Your task
Exact copy, no pictures: set down every entry below as written.
===== Material shown =====
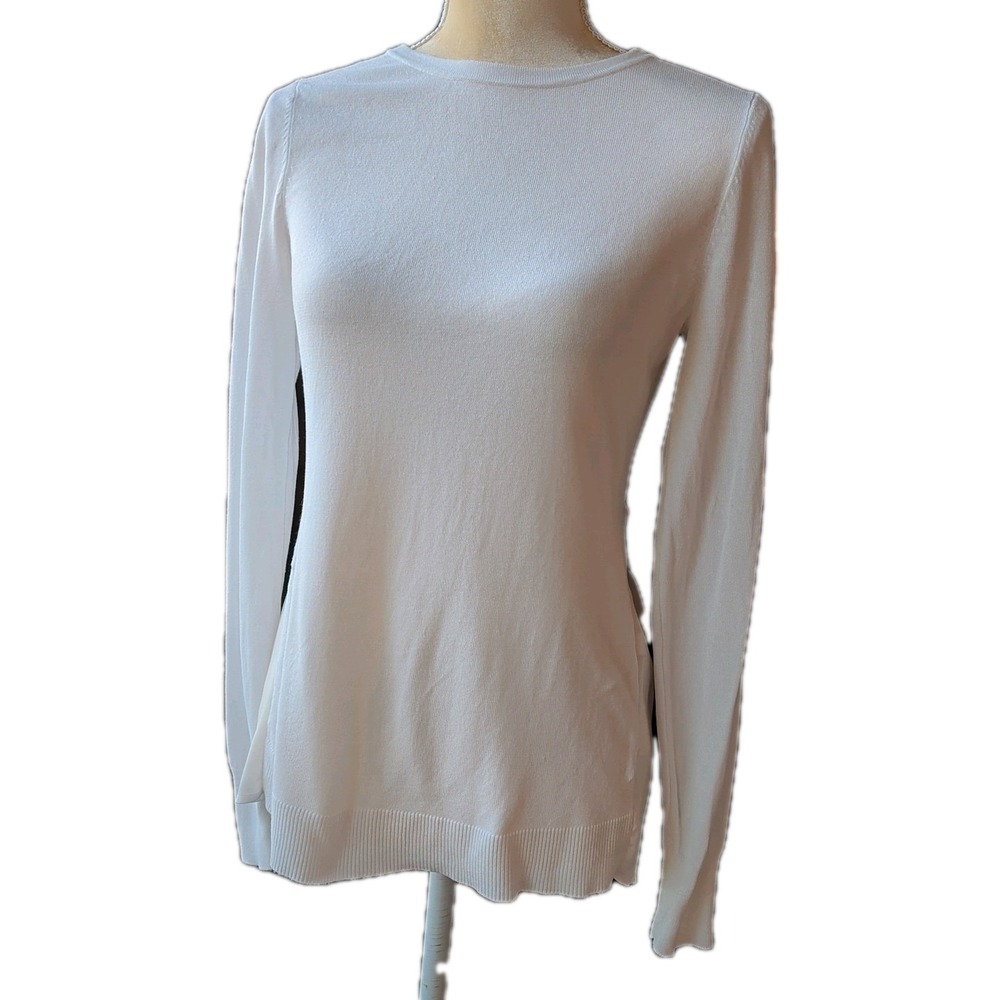 Whitehouse Blackmarket Women's Size XS Lightweight Sweater White Long Sleeve
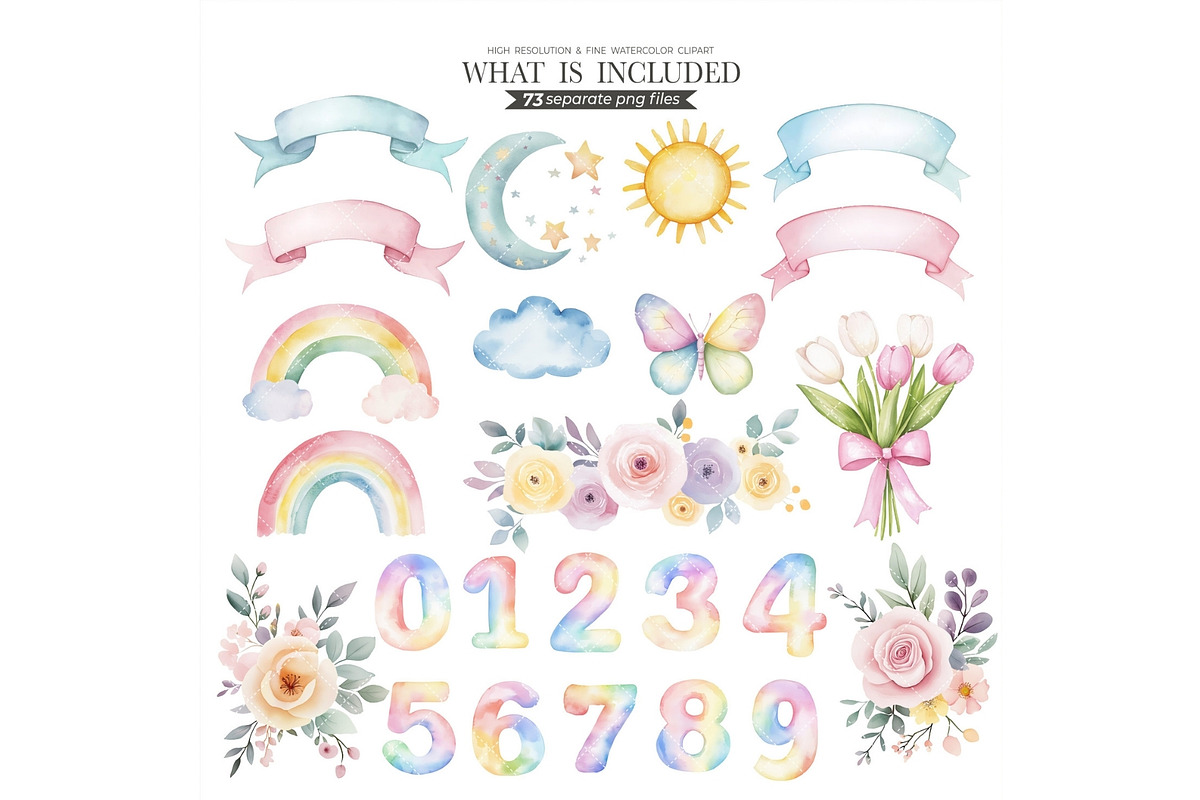 Farm Birthday Watercolor Clipart, an Illustration by CharmClipart (Photo 4 of 8)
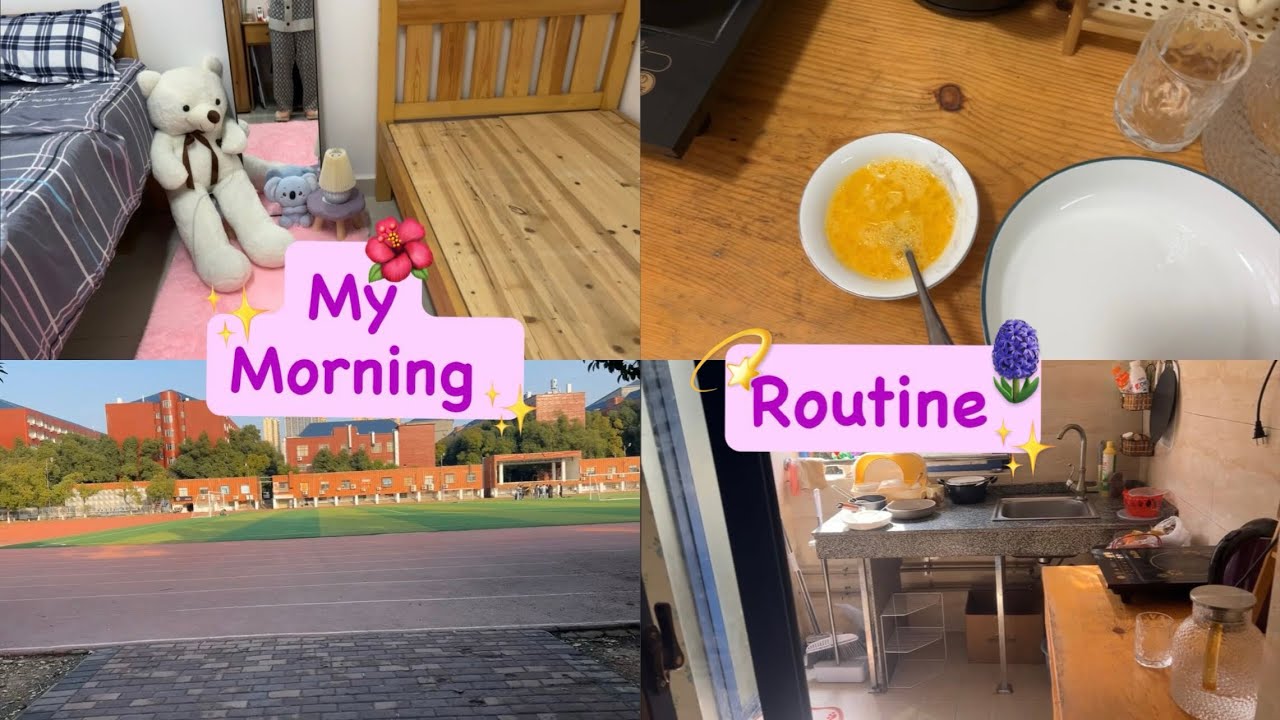 My morning busy routine 🌸// Changsha medical university 🇨🇳// Changsha city 🏙️ //Hunan province 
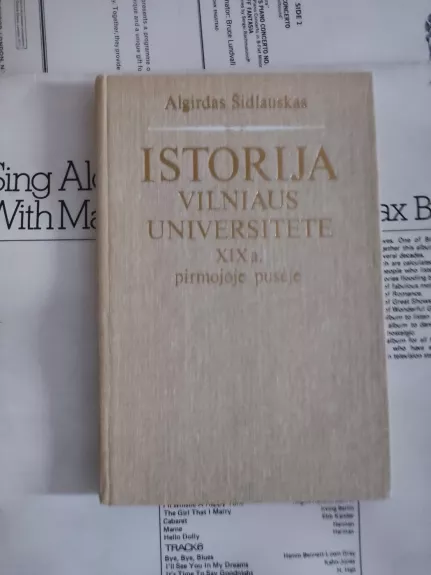 Istorija Vilniaus universitete XIX a. pirmojoje pusėje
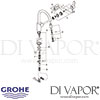 Grohe Eurostyle Cosmopolitan Single-Lever Sink Mixer Spares
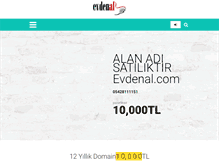 Tablet Screenshot of evdenal.com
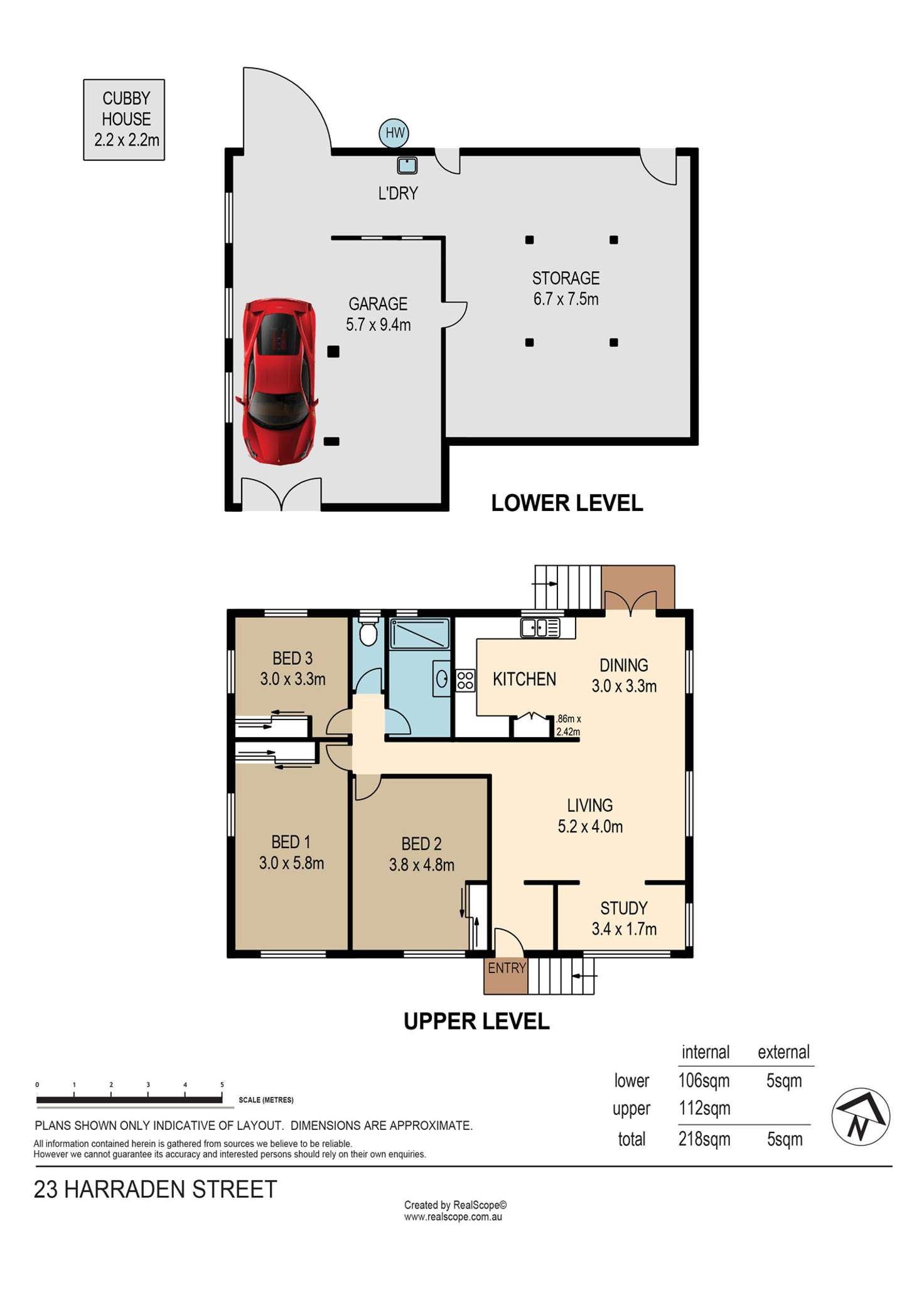Floorplan of Homely house listing, 23 Harraden Street, Oxley QLD 4075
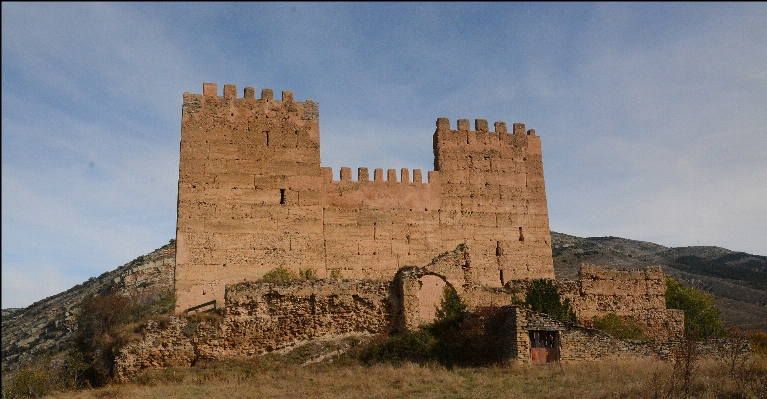 Photo Bâtiment château fortification
 ruines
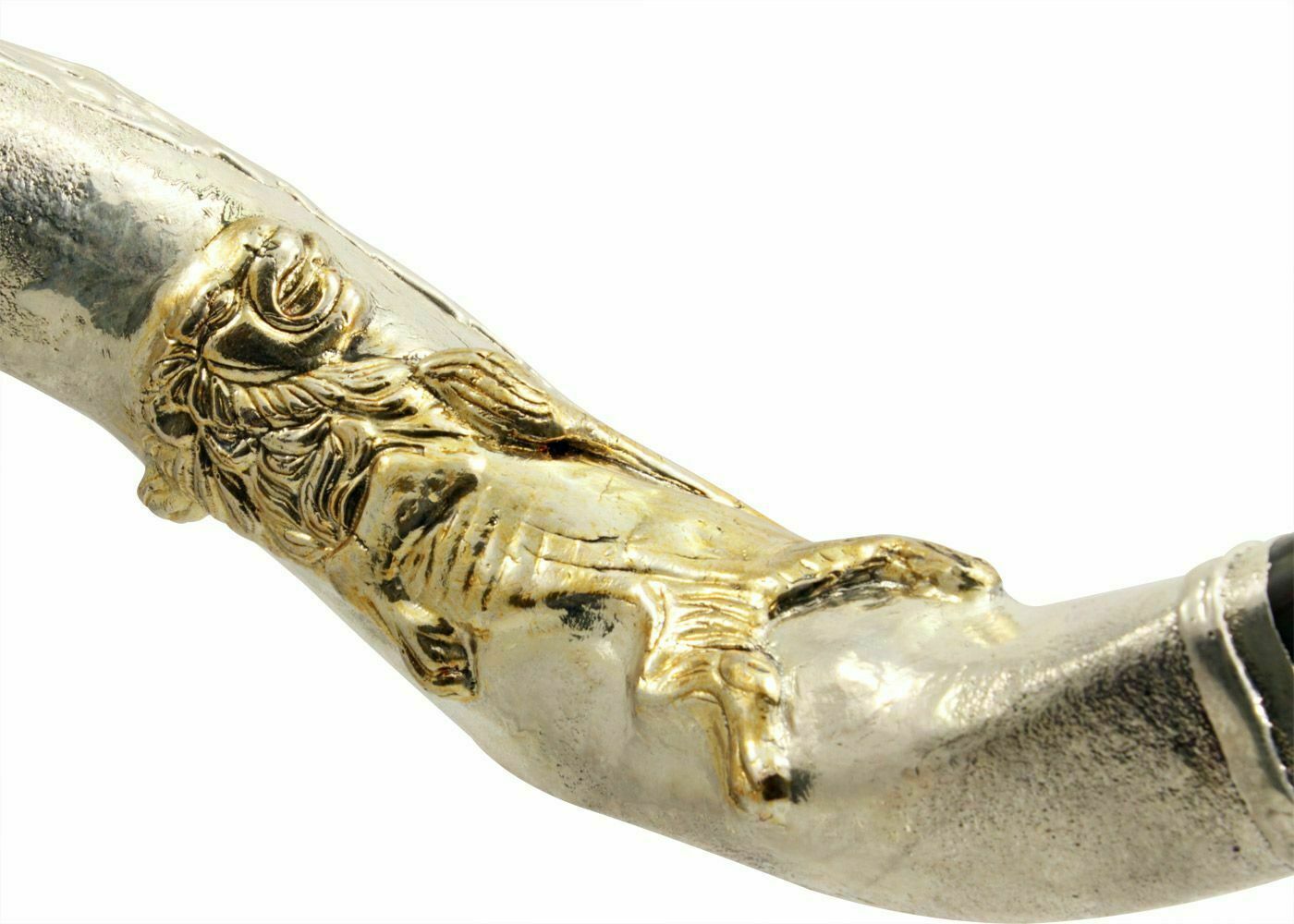 Silver Plated Kudu Yemenite Kosher Shofar The Lion Of Judah 122cm-127cm-1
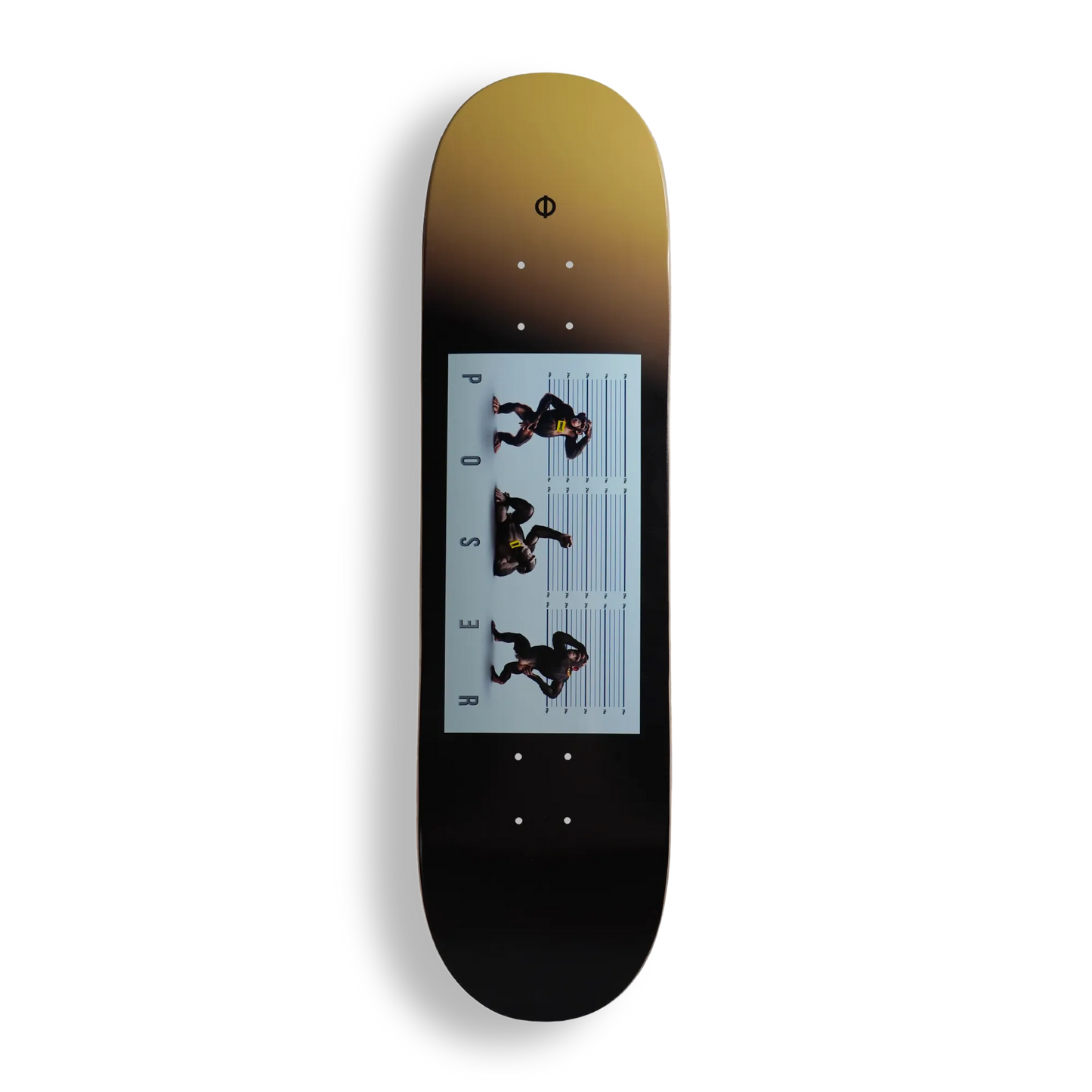 the poser fullstop brand skateboard deck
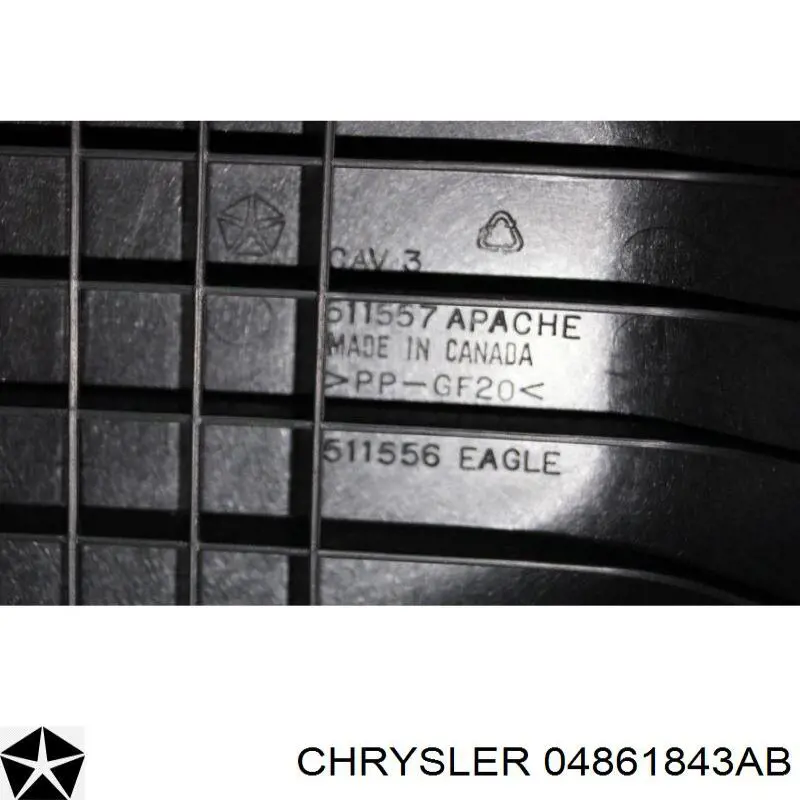  Caixa de filtro de ar Chrysler 300 C sedan (2005 - 2010) C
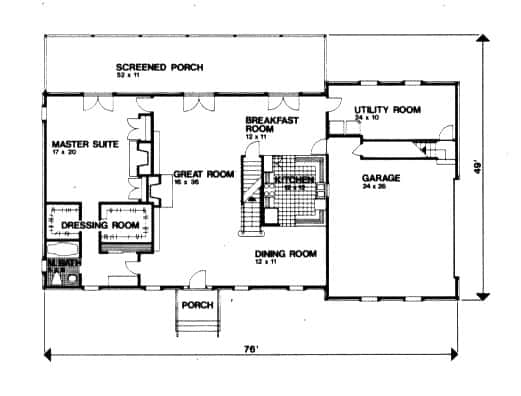 Floor Plan Main Level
=====
Expected output
 Whitehouse Blackmarket Women's Size XS Lightweight Sweater White Long Sleeve
 Farm Birthday Watercolor Clipart, an Illustration by CharmClipart (Photo 4 of 8)
 My morning busy routine 🌸// Changsha medical university 🇨🇳// Changsha city 🏙️ //Hunan province 
 Istorija Vilniaus universitete XIX a. pirmojoje pusėje
 Grohe Eurostyle Cosmopolitan Single-Lever Sink Mixer Spares
 Tablet Screenshot of evdenal.com
Floorplan of Homely house listing, 23 Harraden Street, Oxley QLD 4075
 Photo Bâtiment château fortification
 ruines
 Silver Plated Kudu Yemenite Kosher Shofar The Lion Of Judah 122cm-127cm-1
 the poser fullstop brand skateboard deck
  Caixa de filtro de ar Chrysler 300 C sedan (2005 - 2010) C
 Floor Plan Main Level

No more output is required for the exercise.